ABSTRACT Due to their genetic instability, tumor cells bear mutations that can effectively be recognized by the immune system. In the clinic, immune checkpoint immunotherapy (ICI) can re-activate immune reactions against mutated proteins, known as neoantigens, leading to remarkable remission in cancer patients. Nevertheless, only a minority of patients are responsive to ICI, and approaches for prediction of responsiveness remain elusive yet are needed to improve the success of cancer treatments. While the tumor mutational burden (TMB) correlates positively with responsiveness and survival of patients undergoing ICI therapy, the influence of the subcellular localizations of the mutated proteins within the tumor cell has not been elucidated.

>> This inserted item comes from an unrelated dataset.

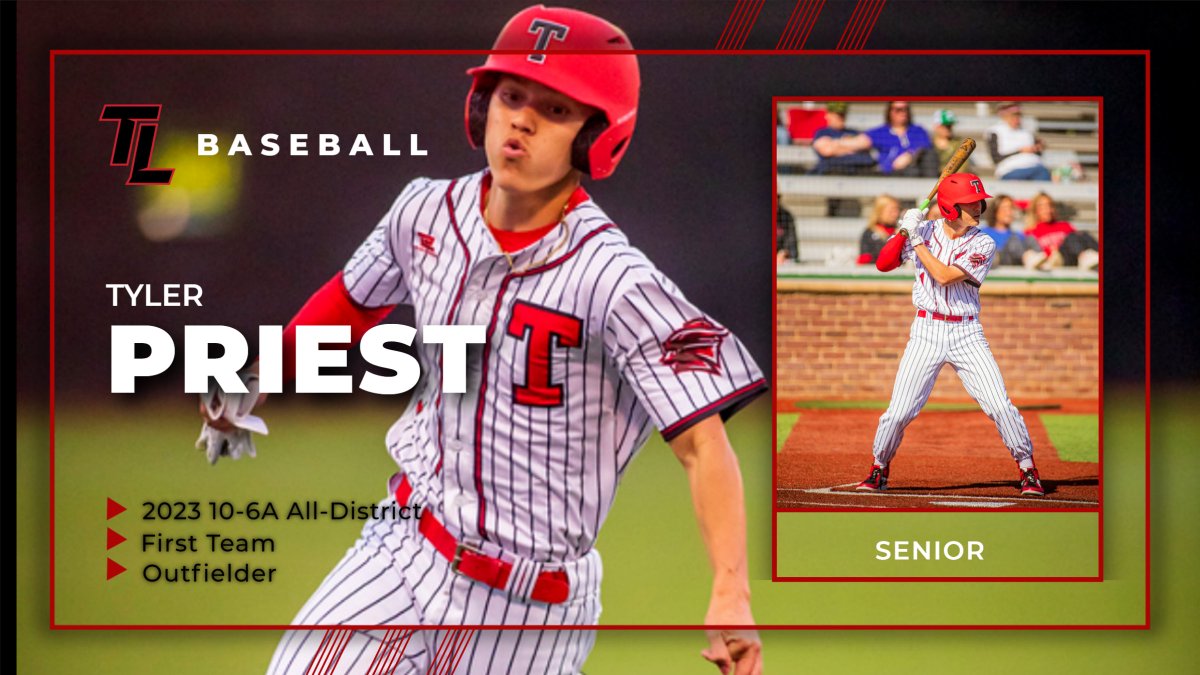 Tyler Legacy Baseball™ tweet media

Here, we hypothesized that the immune reactions are modulated by the localization of the mutated proteins and, therefore, that some subcellular localizations could favor responsiveness to ICI. We show in both a mouse melanoma model and human clinical datasets of 1722 ICI-treated patients that high membrane-localized tumor mutational burden (mTMB), particularly at the plasma membrane, correlate with responsiveness to ICI therapy and improved overall survival across multiple cancer types. We further highlight that mutations in the genes encoding for the membrane proteins NOTCH3, RNF43, NTRK3 and NOTCH1 , among others, may serve as potent biomarkers to predict extended survival upon ICI in certain cancer types. We anticipate that our results will improve the predictability of cancer patient response to ICI and therefore may have important implications to establish future clinical guidelines to direct the choice of treatment toward ICI.